3 Commits

Author SHA1 Message Date
unclecode
879553955c Add ProxyConfig.DIRECT sentinel for direct-then-proxy escalation
Allow "direct" or None in proxy_config list to explicitly try
without a proxy before escalating to proxy servers. The retry
loop already handled None as direct — this exposes it as a
clean user-facing API via ProxyConfig.DIRECT.
2026-02-14 10:25:07 +00:00
unclecode
875207287e Unify proxy_config to accept list, add crawl_stats tracking
- proxy_config on CrawlerRunConfig now accepts a single ProxyConfig or
  a list of ProxyConfig tried in order (first-come-first-served)
- Remove is_fallback from ProxyConfig and fallback_proxy_configs from
  CrawlerRunConfig — proxy escalation handled entirely by list order
- Add _get_proxy_list() normalizer for the retry loop
- Add CrawlResult.crawl_stats with attempts, retries, proxies_used,
  fallback_fetch_used, and resolved_by for billing and observability
- Set success=False with error_message when all attempts are blocked
- Simplify retry loop — no more is_fallback stashing logic
- Update docs and tests to reflect new API
2026-02-14 07:53:46 +00:00
unclecode
72b546c48d Add anti-bot detection, retry, and fallback system
Automatically detect when crawls are blocked by anti-bot systems
(Akamai, Cloudflare, PerimeterX, DataDome, Imperva, etc.) and
escalate through configurable retry and fallback strategies.

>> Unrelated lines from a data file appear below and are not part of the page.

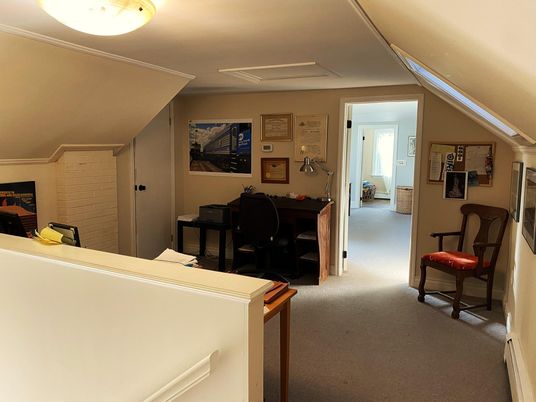 Home Office, Interior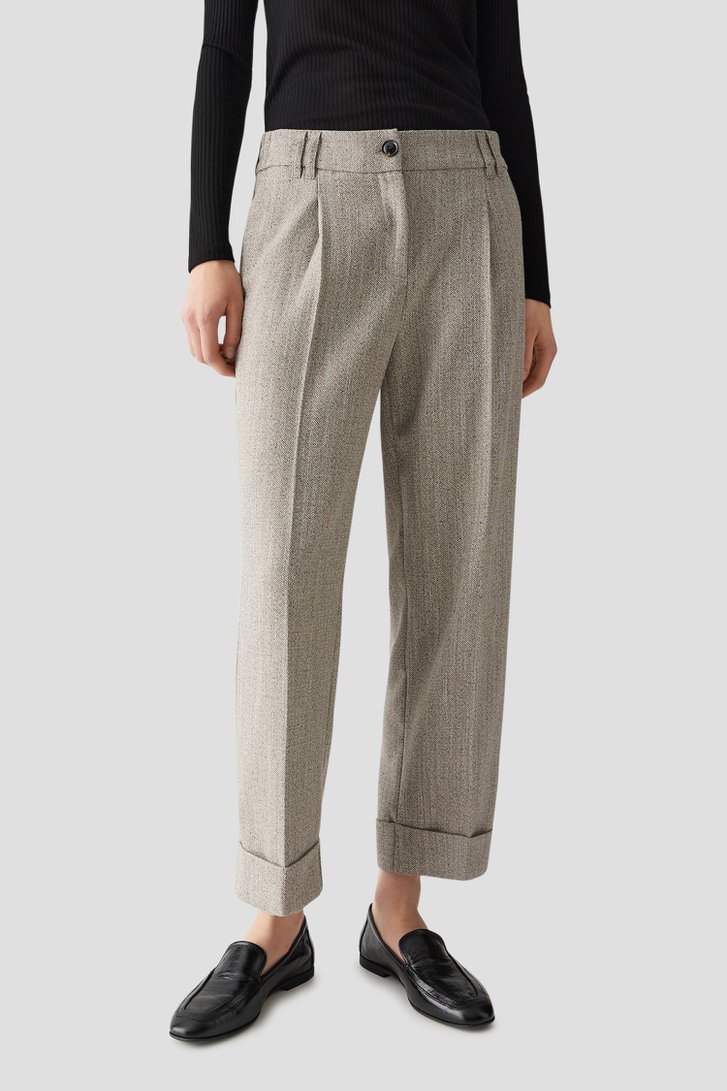 Le devant de Pantalon beige à motif chevrons de Opus pour Femmes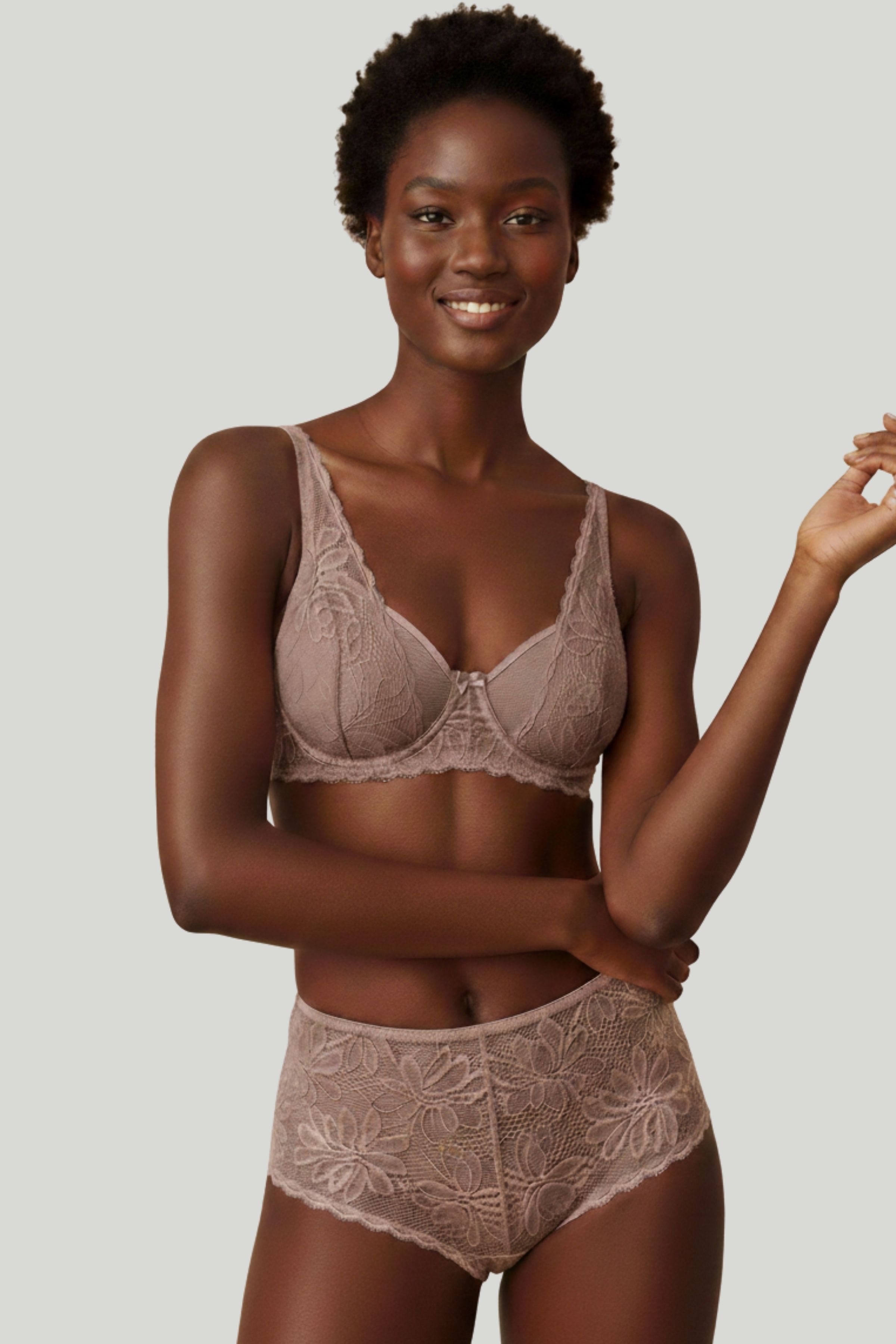 Kadın Dantelli Balenli Kapsız Sütyen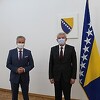 Sattler informisao Džaferovića o novim isporukama vakcina putem COVAX-a i IPA fondova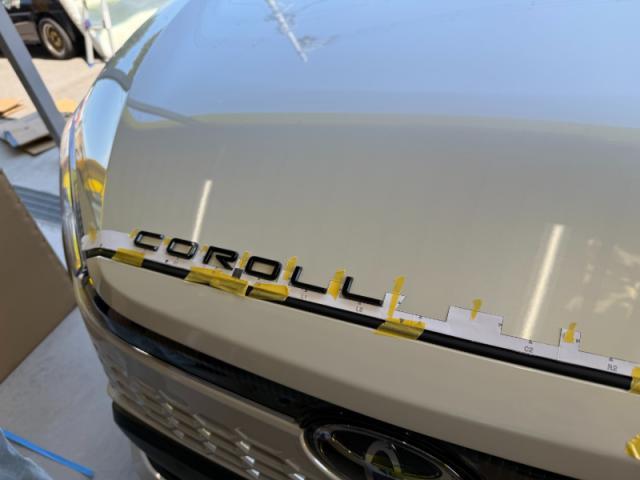 【ガーニッシュ・エンブレム貼り付け】　カローラクロス　新車　カスタム　ボンネットエンブレム　フロントバンパーガーニッシュ　エンブレム交換　お値打ち　安い　オリーブカーズ　三重県　四日市市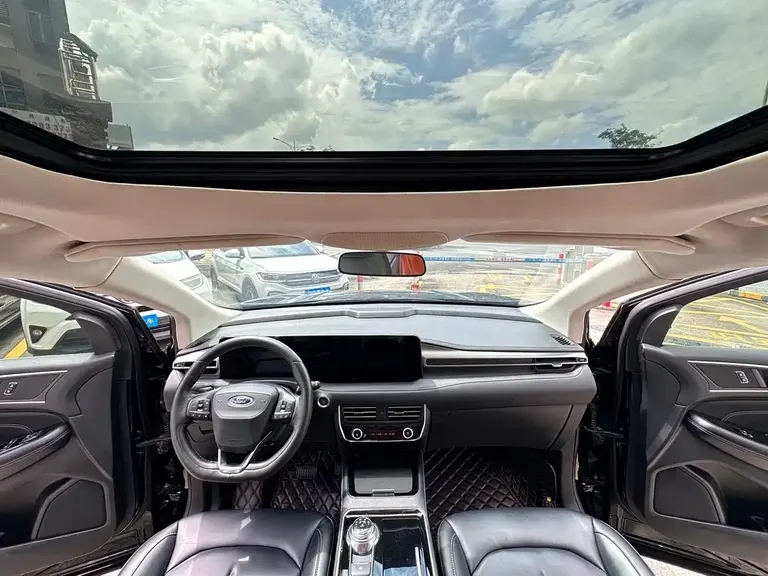 Ford Edge PLUS EcoBoost 245 2 WD Platinum Sharp 5-seat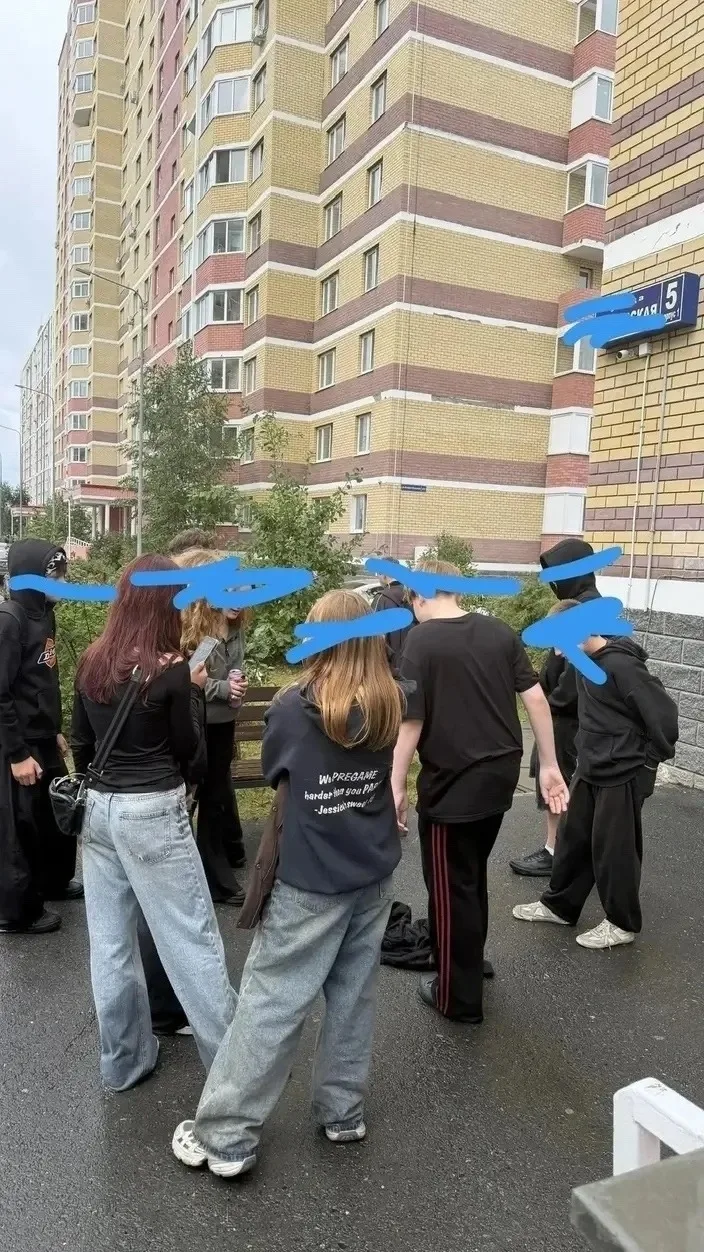 СРОЧНО! В Тюмени возбудили уголовное дело по факту избиения подростками ребенка на детс...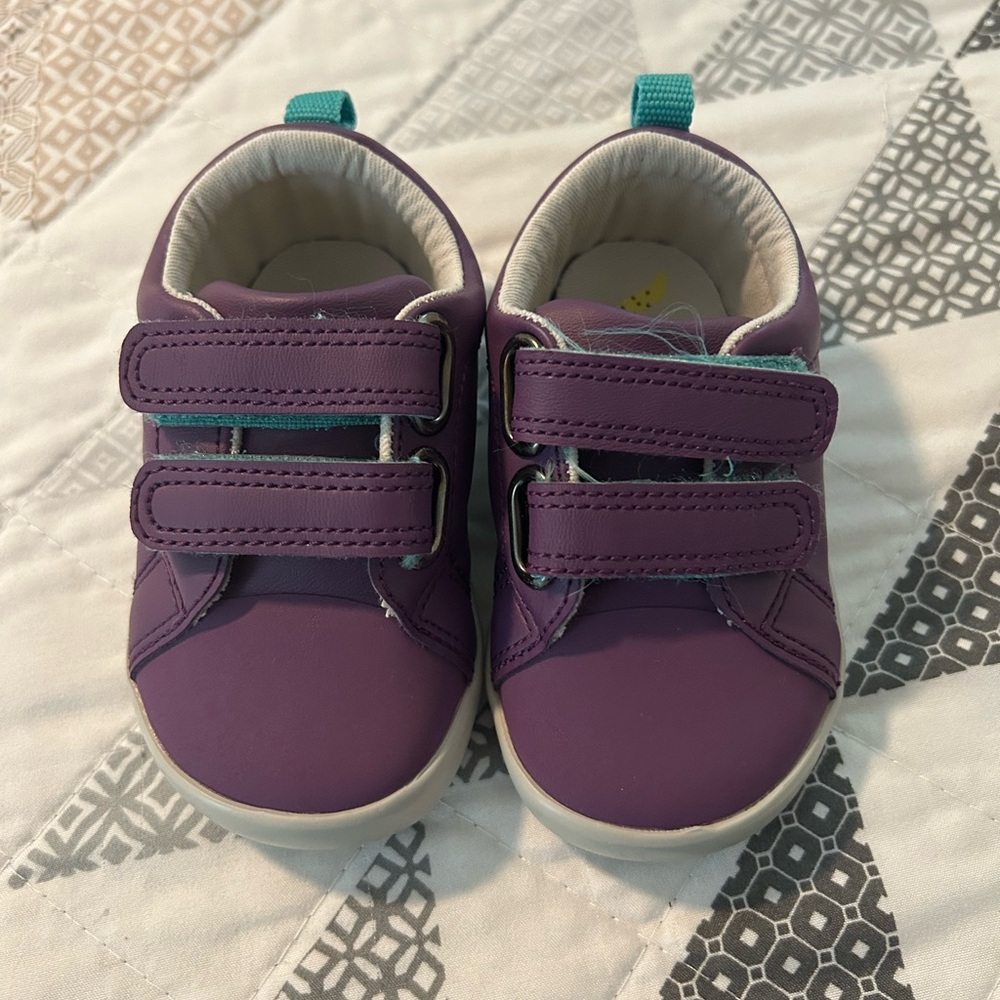 Ten little shoes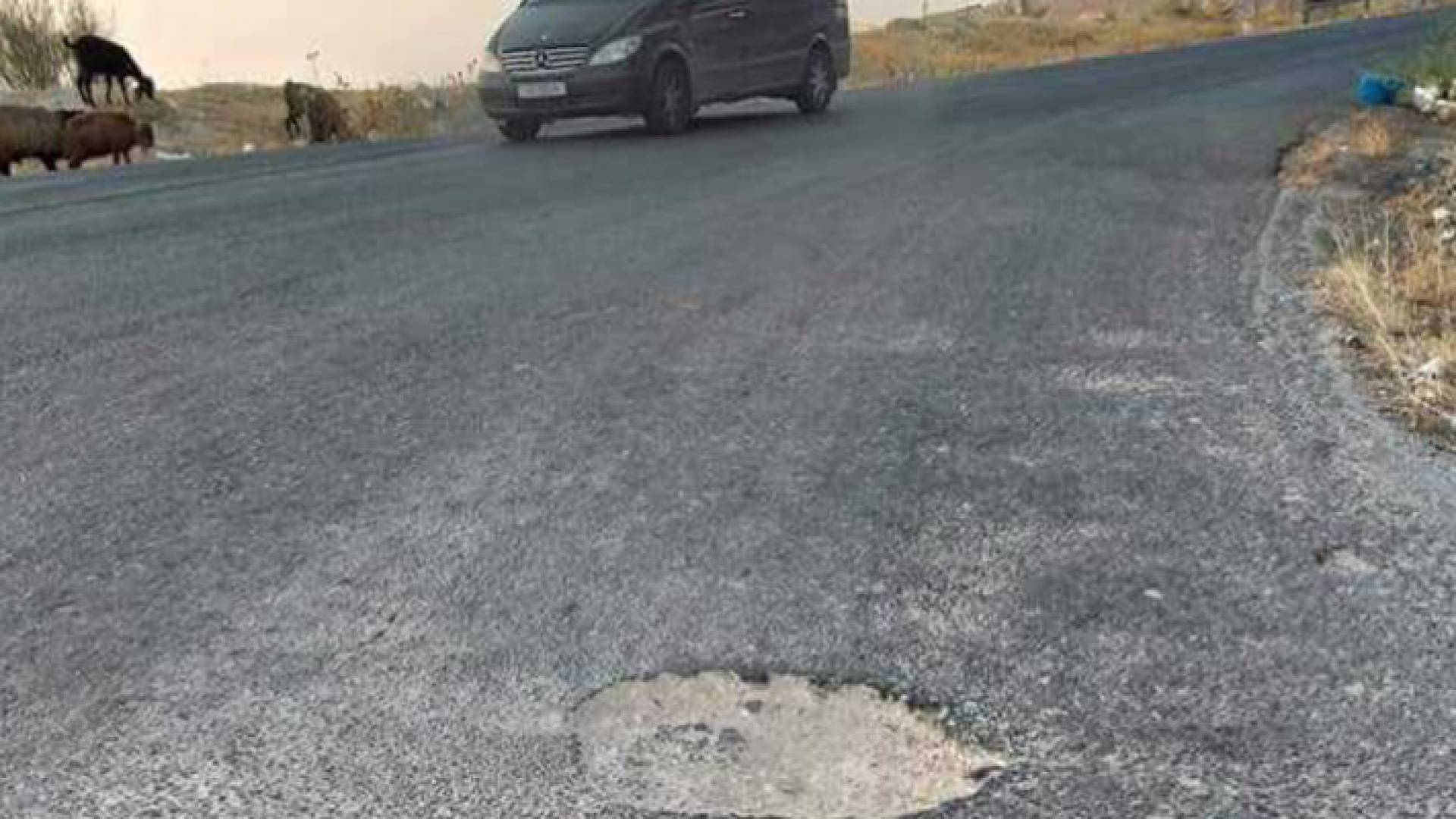 طريق دير أبي سعيد- زمالية يهدد مسير المركبات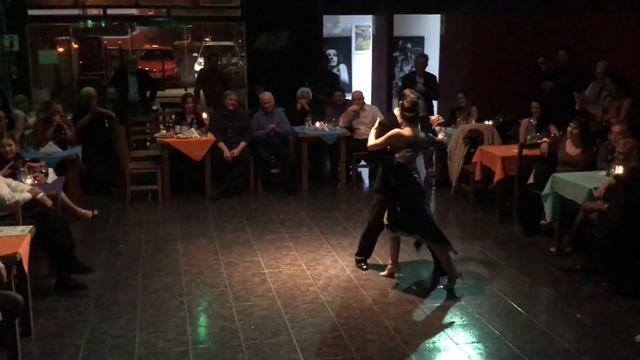 Nacho Mora y Celia Rodríguez - Milonga Arolas Tango 3/4 смотреть онлайн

New features on CrawlerRunConfig:
- max_retries: retry rounds when blocking is detected
- fallback_proxy_configs: list of fallback proxies tried each round
- fallback_fetch_function: async last-resort function returning raw HTML

New field on ProxyConfig:
- is_fallback: skip proxy on first attempt, activate only when blocked

Escalation chain per round: main proxy → fallback proxies in order.
After all rounds: fallback_fetch_function as last resort.

Detection uses tiered heuristics — structural HTML markers (high
confidence) trigger on any page, generic patterns only on short
error pages to avoid false positives.
2026-02-14 05:24:07 +00:00